Global Arrays provide one-sided, noncollective communication operations that allow to access data in global arrays without cooperation with the process or processes that hold the referenced data. These processes do not know what data items in their own memory are being accessed or updated by remote processes. Moreover, since the GA interface uses global array indices to reference nonlocal data, the calling process does not even have to know process ids and location in memory where the refernenced data resides.

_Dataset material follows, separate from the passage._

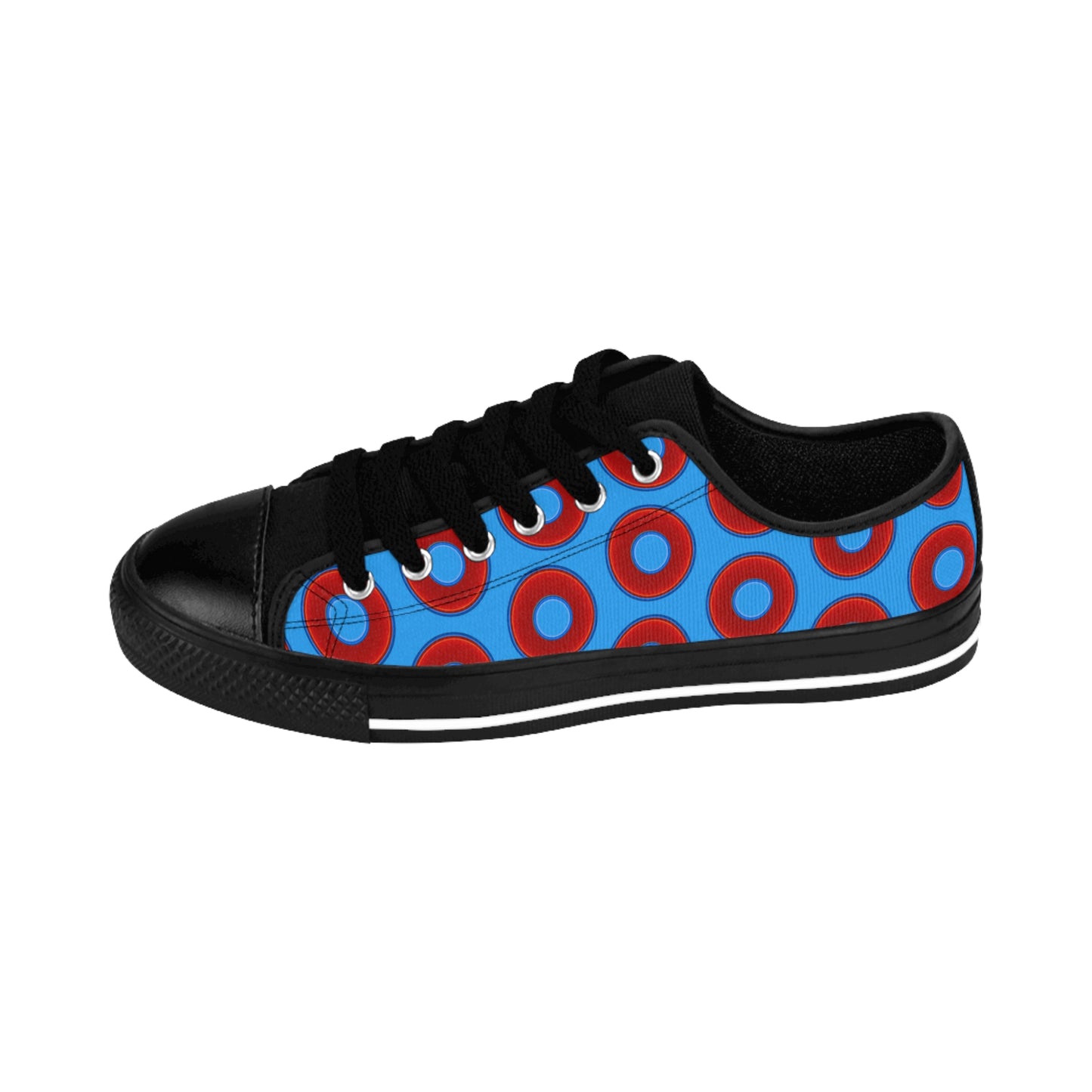 Men's Cushiony Convectors - Low Top - large red vivid donut print w/sky royal blue background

The one-sided operations that Global Arrays provide can be summarized into three categories:
| Operation | Process |
|---|---|
| Remote blockwise write/read | ga_put, ga_get |
| Remote atomic update | ga_acc, ga_read_inc, ga_scatter_acc |
| Remote elementwise write/read | ga_scatter, ga_gather |
Put and get are two powerful operations for interprocess communication, performing remote write and read. Because of their one-sided nature, they don’t need cooperation from the process(es) that owns the data. The semantics of these operations do not require the user to specify which remote process or processes own the accessed portion of a global array. The data is simply accessed as if it were in shared memory.
Put copies data from the local array to the global array section, which is:
- n-D Fortran subroutine: nga_put(g_a, lo, hi, buf, ld)
- 2-D Fortran subroutine: ga_put(g_a, ilo, ihi, jlo, jhi, buf, ld)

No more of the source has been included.